Broadview Green Grid Vegetated Swale (Source: Seattle Public Utilities)

Pinehurst Green Grid Project—Twelve city blocks were retrofitted to include new sidewalks, roadways, and extensive landscaping to enhance the visual appeal of the neighborhood and improve stormwater management to protect the integrity of Thornton Creek. Construction was completed in fall of 2006.

High Point Project—This is the largest NDS to be implemented in the City and will be constructed in a high density residential area that offers low-income housing in partnership with the Seattle Housing Authority.
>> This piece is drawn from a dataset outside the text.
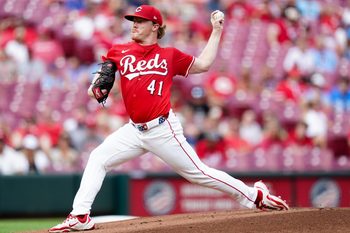 Cincinnati Reds pitcher Andrew Abbott (41) delivers a pitch in the first inning during a MLB game between the Cincinnati Reds and Philadelphia Phillies, Monday, Aug. 11, 2025, at Great American Ball Park in downtown Cincinnati.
In order to treat 10 percent of the water comprising the Longfellow Creek watershed, vegetated swales will be used to retain and cleanse runoff, while secondary ponds will be constructed to handle stormwater overflow resulting from prolonged or high-intensity precipitation events.

NDS Components

Component Description Function
Vegetated Swales Vegetated swales are built roadside using specific soil and planting schemes with stormwater management in mind. Soils are designed and implemented to achieve adequate infiltration, while still maintaining integrity and strength to prevent slope failures. Soils must also be of a proper growth medium. Plantings generally consist of groundcover and shrub strata. Vegetated swales intercept stormwater, slowing flow velocity and improving water quality via retention and infiltration. The vegetation serves to not only stabilize the soil and prevent erosion, but it also functions as a physical flow-barrier and promotes evapotranspiration.
Narrower Streets Traditional street widths are reduced to reduce impervious surface. Narrower streets reduce the ammount of impervious surface (by up to 11 percent in some projects), while still allowing for two-way traffic and street-side parking. Narrower streets also require less paving.
Porous Sidewalks Sidewalks are made of a more porous concrete mixture than traditional sidewalks that are highly impervious. Porous sidewalks have increased pore space in the concrete mixture, which allows for stormwater infiltration and reduced runoff volume.
Cascading Pools A series of shallow pools linked by culverts that allow runoff to flow down a gradient from one pool to another. This design helps ensure proper infiltration in areas with moderately steep slopes and high stormwater volumes. The shallow pools also reduce stormwater velocity as water is retained by each subsequent pool. In general, cascading pool designs incorporate extensive vegetation.
Curvilinear Street Design Instead of using a traditional straight street design, roads are built in a curvilinear fashion. Curvilinear roads help to ensure that runoff leaves the road surface more rapidly and before gaining velocity, which reduces erosion. This road design can be especially useful in areas with steeper gradients and can slow traffic.
Rain Gardens Rain gardens are beds of vegetation planted near roads, parking lots, and other impervious areas with a large propensity for run-off. Rain gardens function similarly to vegetated swales, but without a centralized ditch to pool water. They are effective at slowing runoff and infiltrating the first flush of runoff—they are not designed to retain high stormwater volumes.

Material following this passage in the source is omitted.